For his first English language film, Alfredson and his cinematographer, Hoyte van Hoytema, opted for a gritty, rain-sodden, strip-lighted London, a million miles away from the world of Bond and Bourne. In keeping with this, the film, while authentically tense, violent and bloody, is not concerned with elaborate, effects-driven action sequences. Framestore’s contribution was to be largely one of atmosphere, period detail and subtle enhancement, apart, perhaps, from the flaming owl.
Shooting took place between September and December 2010. Following a hiatus for crucial editorial work, postproduction was completed by Framestore between June and July 2011, with work taking place at both its London and Reykjavik offices. Visual effects supervision was undertaken on set by Christian Kaestner – working in London and Istanbul – and during the subsequent postproduction period by Sirio Quintavalle.
“We have developed an excellent relationship with Working Title Films,” says Kaestner, “Which made it natural for them to come to us for the 30 or so shots that required a digital component. Tomas (Alfredson) was aiming for an authentic period feel, shooting in 35mm and scanning at 4K to maintain the grain and mood he wanted, so our work needed to be both invisible and of the highest quality.”The film’s MI6 headquarters is a modern building hidden within the courtyard of a larger, older Victorian structure. Seen only briefly, just enough to establish it as the locus of Circus operations, but needing to be authentic, the modern component was created in CG by the Framestore team and inserted into a real, if slightly manipulated building shot in Kensington.
Similarly briefly glimpsed is a shot within the HQ, as the camera peeps down from a large gallery-like vantage point onto the hive of activity in the floor below. Impossible to do on the shoot’s single-floor set, this was effected with a greenscreen mask and a re-dressed set, conveying a vibrant, spacious workplace.
Location material gathered by Kaestner was used to turn a hotel in London’s Aldwych into one in Istanbul. Another scene takes place in a Wimpy Bar in Piccadilly Circus. Wimpy Bars were the English fast-food joints of the period, before McDonalds had leapt across the Atlantic. The scene is shot through the glass, as if from just outside the café, and the period is established almost subliminally with the addition of reflected cars and period neon signs for Skol Lager and Cinzano. Such light touches transport audiences back to the precise time and place. Reflections also help convince the eye that three car shots, in London and the English countryside were actually occurring, and other digital touch ups help place viewers firmly in ’70s locations around London and Istanbul.
The flaming owl is the centerpiece of a short scene in which ex-Circus operative Jim Prideaux (Mark Strong) is teaching a French class at a private school for boys. Suddenly, an owl flies down the chimney, through the fire and – in flames – into the classroom. As it circles the room Prideaux seizes a ruler and, with a single well-aimed slash, brings the hapless bird down and out.
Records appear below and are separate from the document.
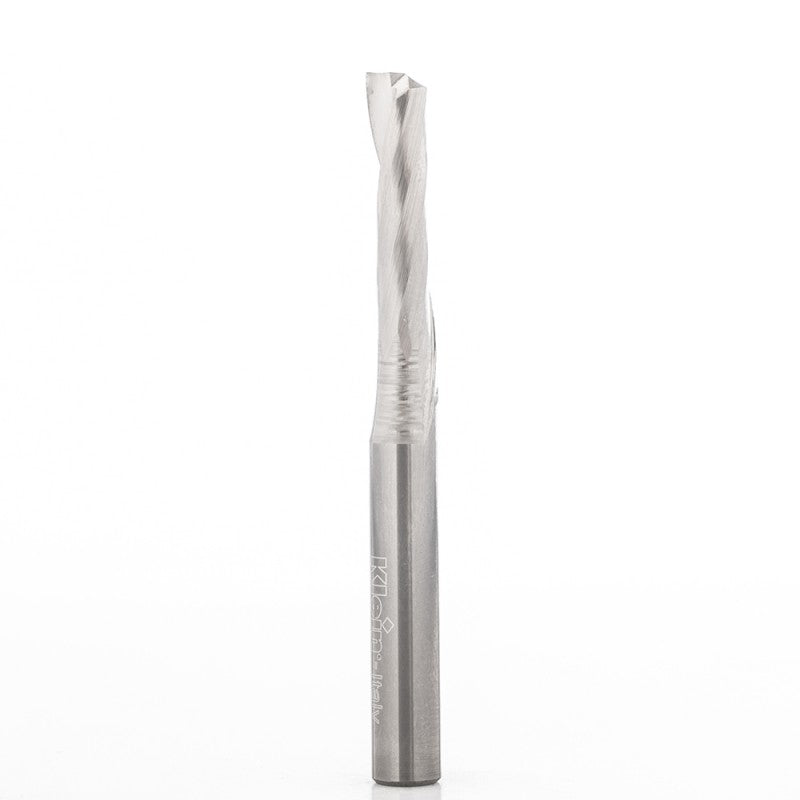 VHM spiraalfrezen finish Z1 – T141
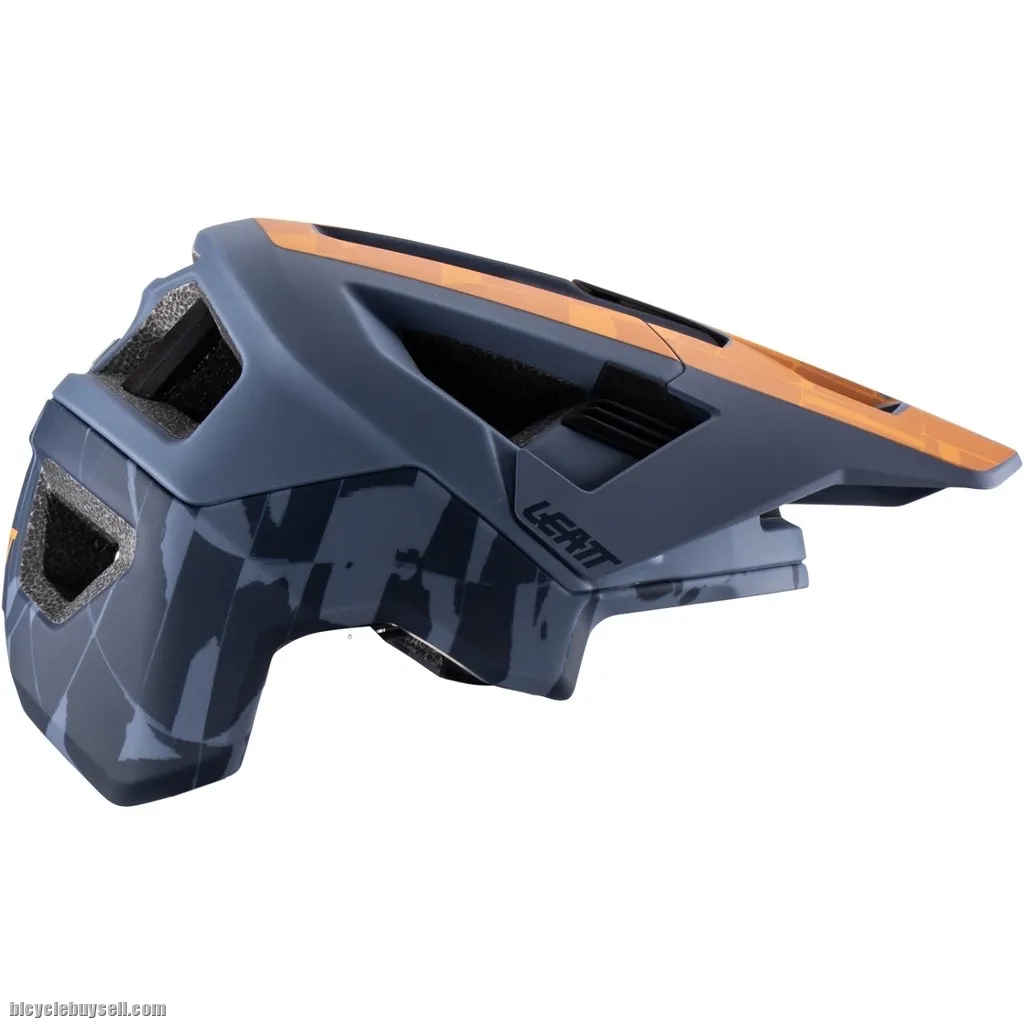 LEATT Helmet MTB All Mountain 4.0 V22 Cycling Helmet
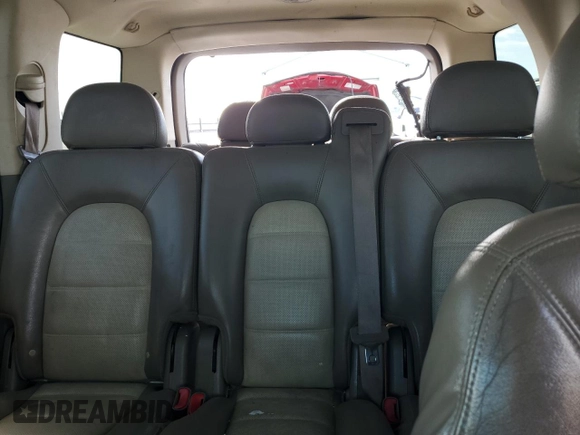 2004 Ford Explorer Eddie Bauer z VIN 1FMDU74EX4ZB29297, wystawiony jako Copart lot #62408465 z przebiegiem 198 818 mil mil oraz Szkoda całkowita • Salvage title. Historia ofert i sprzedaży dostępna na DreamBid. Obrazek 10.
The scene economically lets the audience know that Strong’s deadly spy training is still very much available to him if he needs it. “We shot it in separate layers,” explained Quintavalle, “The owl (incidentally an old friend from Harry Potter shoots), the children and Strong. Smoke, fire, embers and feather elements were tracked on to the owl, with Strong striking a dummy at the appropriate moment. Strong was a delight for us to work with in that his timing was remarkable. We had to do a number of takes, tweaking the timing as we went, and Strong’s ability to add or subtract a beat or a second to his movements, whilst staying true to his character’s actions was astonishing.”
Tinker Tailor Soldier Spy opened in the U.K. Sept. 16, and is already being hailed as an awards season contender. The film was produced by Tim Bevan, Eric Fellner and Robyn Slovo for Working Title Films.